Turkish President Recep Tayyip Erdoğan and his ruling Justice and Development Party (AKP) “wanted to disband and destroy us. They did not want to build an alliance with the Kurds or to accept us. They did not want to accept the Kurdish people’s identity.”
“Erdoğan turned the truth on its head in Amed,” Karayılan said. On Saturday, in a speech at a de facto campaign rally in the Kurdish-majority Diyarbakır (Amed) province, Erdoğan had accused Kurdish politicians and the PKK of “biting the hand that we extended to them” and “attempting to drive a knife into the heart we opened to them”.

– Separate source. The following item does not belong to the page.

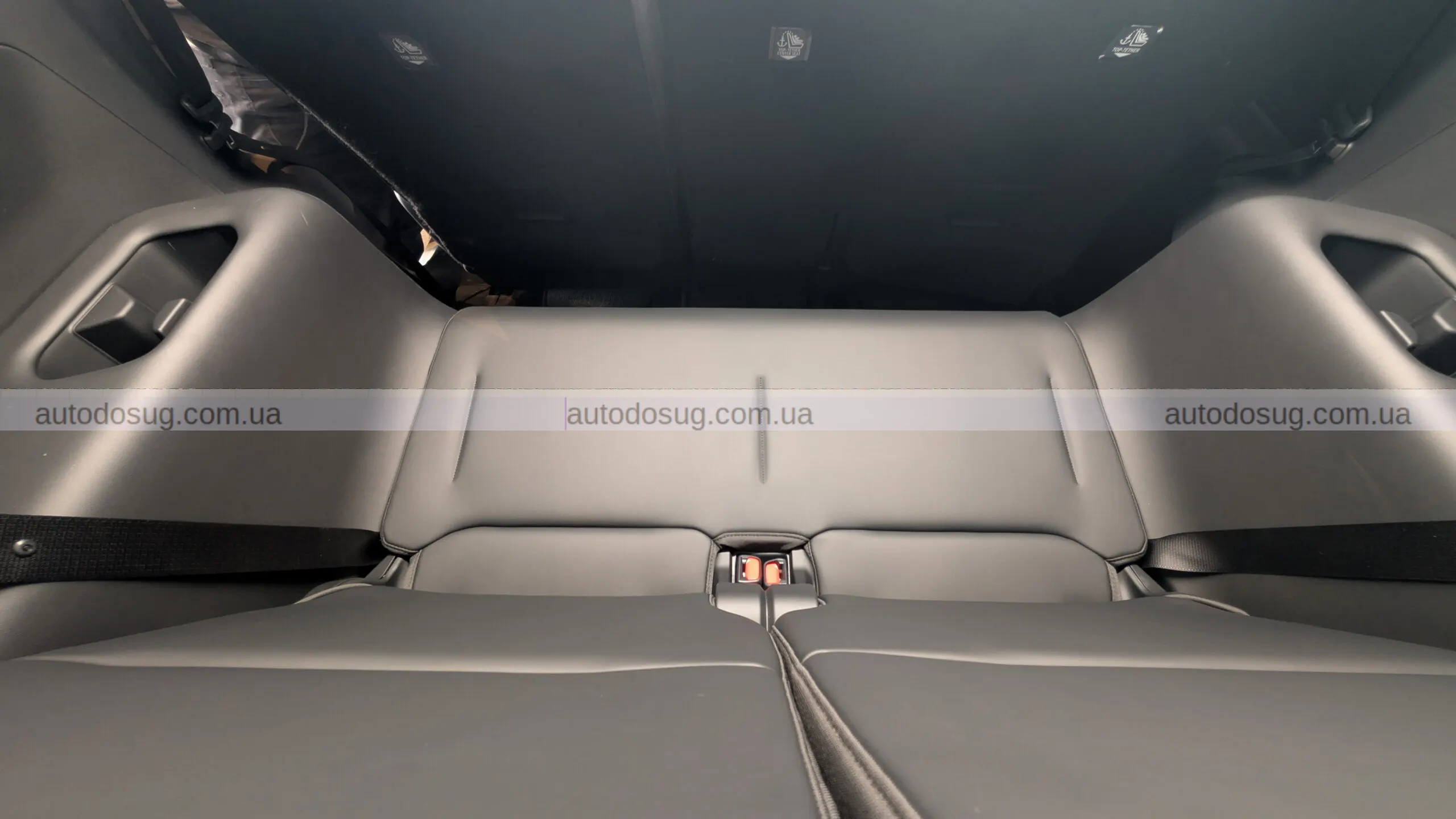 Toyota запускає новий електричний Highlander EV у світі великих SUV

“They are an army of murderers for hire that anybody who pays their fees can use against Turkey,” Erdoğan said. “What else would you call those who point guns at their own people and lands for the interests of whoever has their arm in theirs?”

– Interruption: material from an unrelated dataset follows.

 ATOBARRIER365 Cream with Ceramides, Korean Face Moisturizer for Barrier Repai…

The 2013 peace process began with a message from the jailed founding leader of the PKK Abdullah Öcalan being read out loud during Newroz celebrations in Diyarbakır, and ended after the death of two police officers in the summer of 2015. While the PKK assumed responsibility for the deaths at first, a spokesperson denounced them a week later. The 40-year-long conflict between Turkey and the PKK resumed with the Turkish armed forces launching an operation in Iraqi Kurdistan in late July.
“As long as the Turkish state remains in a position of war against the Kurdish people, i.e., unless peace is established, democracy will not thrive in Turkey, and neither will the country’s economy improve,” Karayılan told Stêrk TV, criticising the main Turkish opposition for their stance on the Kurdish issue ahead of the 14 May elections.
The opposition’s Nation Alliance has put forth detailed policy positions, but their “thousand-page writings and books” do not include projects for Kurds, he continued.
It is “the most important matter” that the forces of democracy empower themselves, Karayılan said. “If they can be more influential in Turkey’s politics, they can clear the path to many things. For that, they must rely on their own strength, without expecting anything from anybody else.”
There is not room for “too much dreaming” regarding the coming elections, Karayılan said. “However, the left-wing forces of democracy in Turkey and the Kurdish people can get much stronger in this process.”
Turkey’s democratic forces and the Kurds can become “a will to resolve problems” if they can unite and work together, he added.
Karayılan also accused the AKP and the election bloc it leads, the People’s Alliance, of being “an alliance of thieves and murderers”. Ruling alliance MPs seek parliamentary seats “to get rich, to steal, to put their relatives in high places,” he said, calling on Kurds not to vote for the AKP, which wins almost half of the Kurdish vote in the country. “And has anybody got rich after getting elected with Kurds or democrats? No. They go to parliament to serve. Some even face prosecution and arrest. Our people should see this distinction.”